Kesalahan itu tentu merujuk pada Standard Operating Procedure (SOP) dari BPR Bali Artha Anugrah.
Apalagi, ini sudah dilakukan berulang-ulang dalam artian sebagai bentuk kesengajaan terdakwa Gus Toni.
“Ini memastikan ketidaktaaan terhadap aturan,” katanya.
Mirisnya, ketidaktaatan terhadap aturan yang dilakukan mantan Ketua KONI Denpasar ini berlangsung bertahun-tahun, yakni dari tahun 2017 sampai awal 2023 atau sebelum dibongkar oleh OJK yang berujung penutupan operasional BPR tersebut.
“Dari 2017 sampai 2023 dan ini yang berulang,” beber Ahli Perbankan Ahmad Hidayat.
Dengan kata lain ada niat “jahat” terdakwa Gus Toni dalam mengesampingkan aturan yang ada.
Dan, ini juga dikejar oleh Jaksa Penuntut Umum adakah terkait pembagian bonus.
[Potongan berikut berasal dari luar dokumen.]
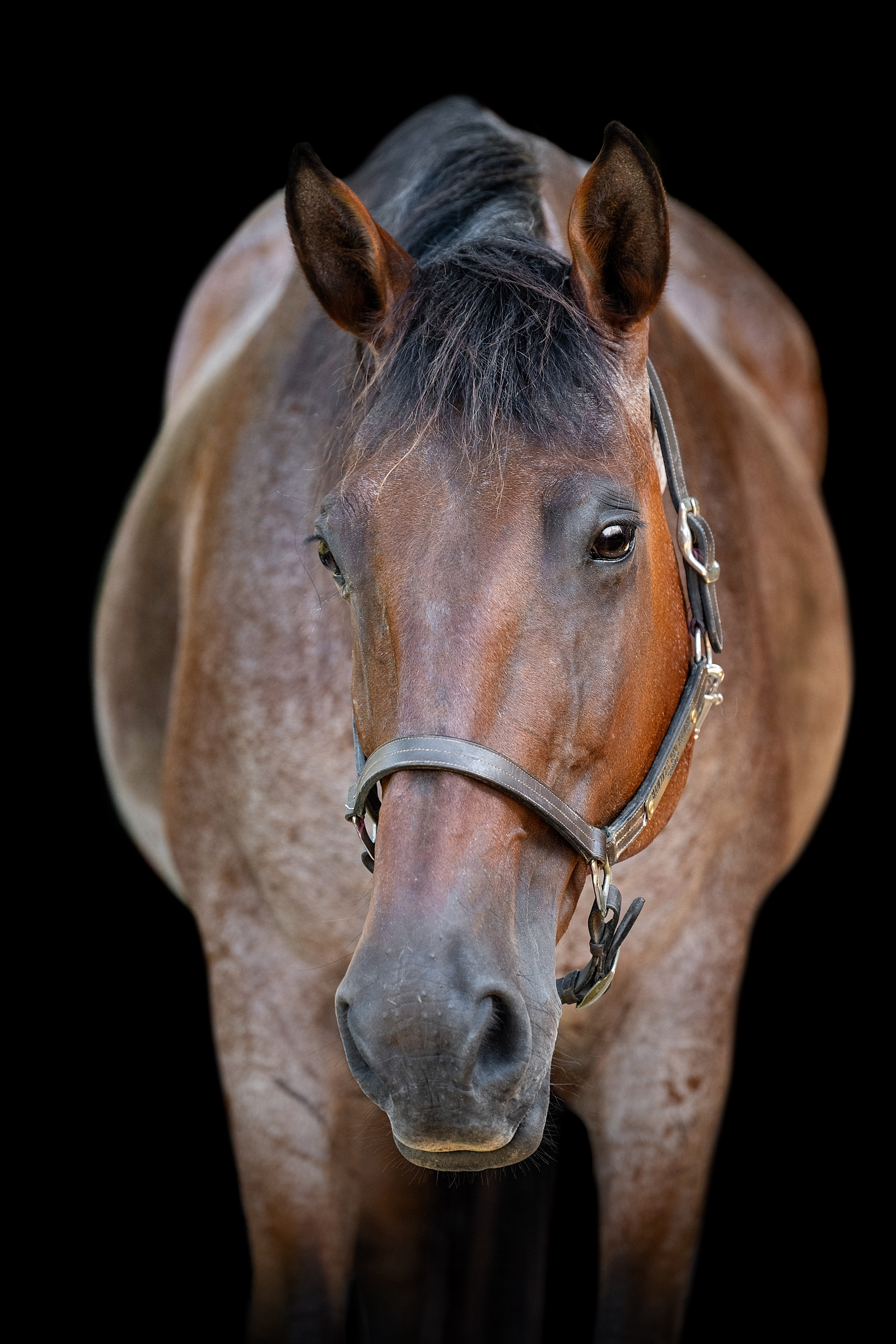 Alabama horse photographer takes black background photo of bay roan Quarter Horse gelding.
Ahli menjelaskan, namanya insentif tentu diberikan kepada karyawan yang berprestasi.
Di mana diketahui dalam kasus kredit fiktif ini, terdakwa Gus Toni banyak membawa nasabah dalam tanda kutip.
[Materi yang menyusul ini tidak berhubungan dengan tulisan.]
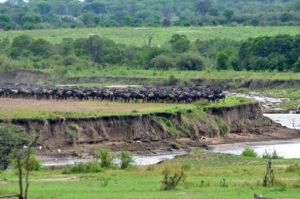 What to do in Serengeti National Park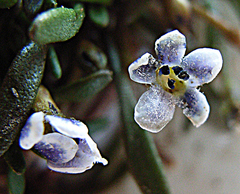 Limosella longiflora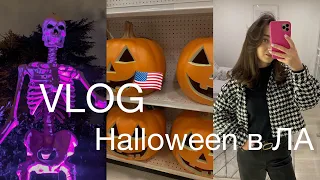 VLOG | Новый этап по подготовке к USMLE | Как в Америке празднуют Halloween? | Гуляем по Глендейлу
Hal ini bisa saja mengindikasikan bahwa Gus Toni mendapat bonus lebih dari pembuatan kredit fiktif tersebut selain soal akal-akalan pengaturan NPL.
Digarisbawahi oleh ahli bahwa dengan adanya akal-akalan NPL ini otoritas terkait tidak bisa memberikan jalan ke luar atau solusi dari persoalan yang terjadi di BPR tersebut.
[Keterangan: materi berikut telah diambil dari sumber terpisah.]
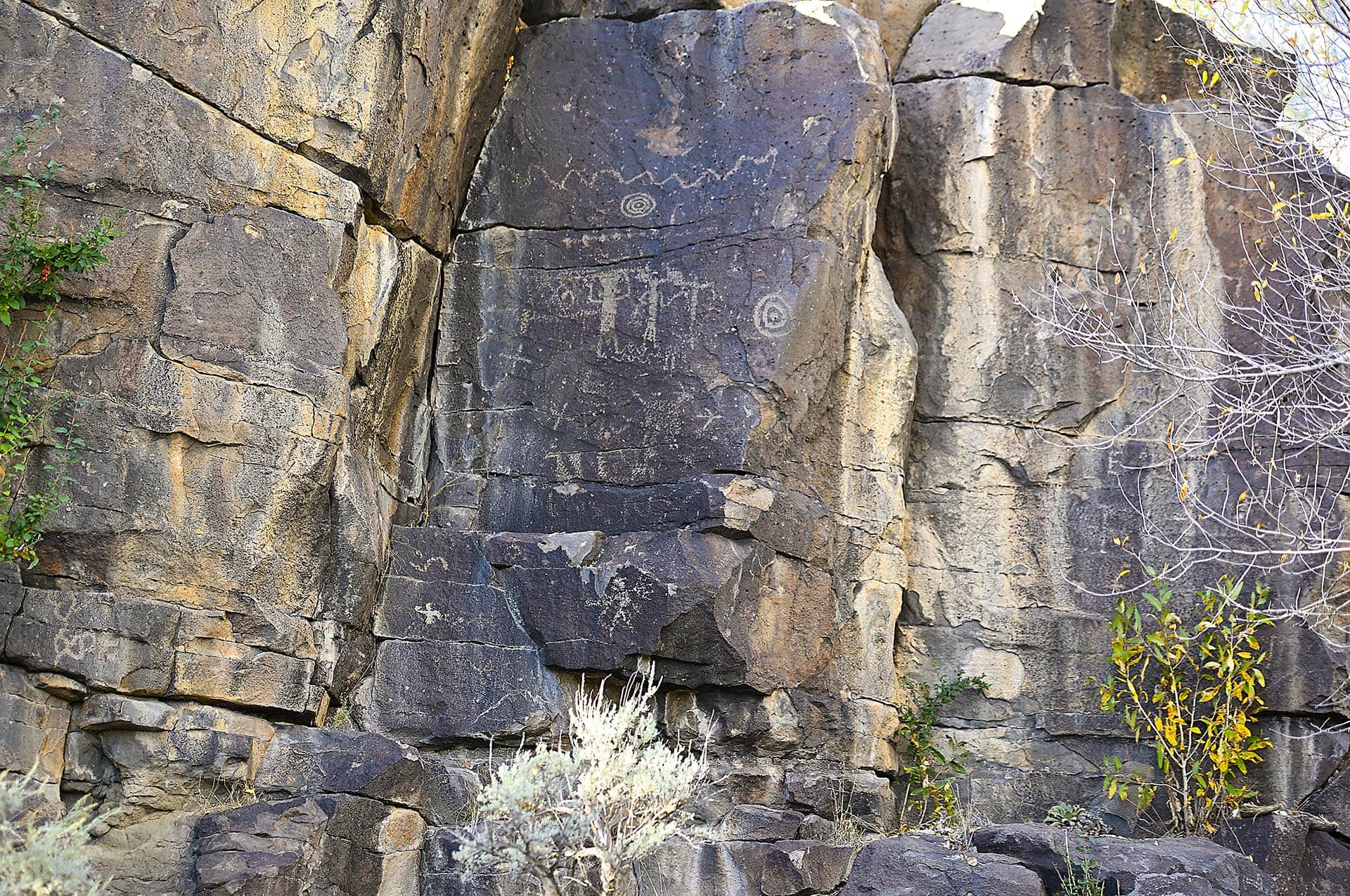 native petroglyphs new mexico dos rios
Sebab, dengan akal-akalan NPL lewat penyaluran kredit fiktif, otoritas perbankan sendiri tidak bisa mendiagnosa apa yang menjadi persoalan di BPR Bali Artha Anugrah.
Diberitakan sebelumnya, Gus Toni bersama terdakwa lainnya menyalurkan 635 kredit fiktif hingga menimbulkan kerugian BPR tempatnya bekerja mencapai Rp 325,47 miliar. (bp/ken)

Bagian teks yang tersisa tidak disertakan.